これは、通常の「すべてを読んでからテストする」ワークフローを、「テストし、知らないことを学び、それだけを勉強し、繰り返す」という形に逆転させます。私が知っているほとんどのシニアエンジニアがベンダー試験の準備をする方法です。
練習問題:その使い方
模擬試験は読書時間よりも価値がありますが、それは間違った答えに取り組んだ場合に限ります。効果的なパターン:
- 時間を計って25問の練習問題を解きます。
- 解説を一切見ずに採点します。
- 間違えた各問題について、解説を読む前に、なぜ間違えたのかを書き出します。専門用語?リソースライフサイクルのエッジケース?
for_eachのセマンティクスを読み間違えた? - 解説を読みます。書いた理由と一致していれば、次に進みます。一致しない場合、本当の知識のギャップを見つけたことになります — 明日再確認するためにフラグを立てておきましょう。
CertLabPro Terraform 004の問題集(こちらで閲覧)は、このループのためにすべての問題に解説が付いています。試験自体は解説を提供しませんが、準備段階でそれらを得ることができます。
現実的な時間配分
中級レベルのTerraform経験を持つ現役エンジニアにとって、現実的な時間配分は次のとおりです:
apply/plan/destroyおよびmodulesにすでに慣れている場合: 1〜2週間にわたって15〜20時間。- 構文には詳しいが、実際に本番環境でTerraformをデプロイした経験がない場合: 3〜4週間にわたって30〜40時間。
- IaCを全く初めて学ぶ場合: 6〜8週間にわたって60〜80時間。CLF-C02またはAZ-900を先に受験して、クラウドプラットフォームの知識を身につけることを検討してください — 試験では、作成したことのないリソースでも理解していることが前提とされます。
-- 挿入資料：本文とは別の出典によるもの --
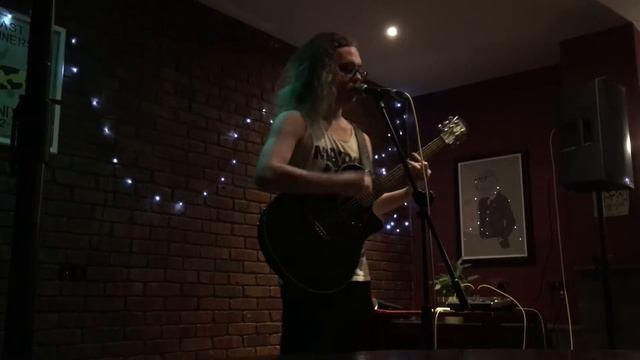 Kezia Salmon Acoustic Open Night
最も一般的な過剰投資は、HCL構文の丸暗記です — 学習ノートからすべてのコードブロックを手作業でコピーすること。学習中にHCLを記述するのは良いですが、試験はdynamicブロックを何も見ずに思い出させるようなものではありません。ブロックを示して、それが何をするかを尋ねます。記述の流暢さではなく、読解の流暢さがボトルネックとなります。
まとめ
Terraform Associate 004は公正で、範囲が明確で、実用的な理解に偏っています。包括的な学習ノートは参考資料として扱い、模擬試験は実際のトレーニングデータとして扱い、準備時間は主要な4つのドメインに割り当てる予算として扱いましょう。
マーケティングに関する章は飛ばしましょう。節約した時間を、実際のTerraform設定を実際に触ることに費やしてください。
今日から始めるなら、問題集を手に入れ、何も準備せずに25問のブロックを解き、実際に間違えたところから学習リストを作成しましょう。